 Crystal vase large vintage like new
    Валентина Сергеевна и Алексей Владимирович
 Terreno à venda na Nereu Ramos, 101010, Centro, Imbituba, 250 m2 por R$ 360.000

....................

WHAT THE TASK REQUIRES » Repeat the whole listing exactly.

COMPLETED EXERCISE »
 Crystal vase large vintage like new
    Валентина Сергеевна и Алексей Владимирович
 Terreno à venda na Nereu Ramos, 101010, Centro, Imbituba, 250 m2 por R$ 360.000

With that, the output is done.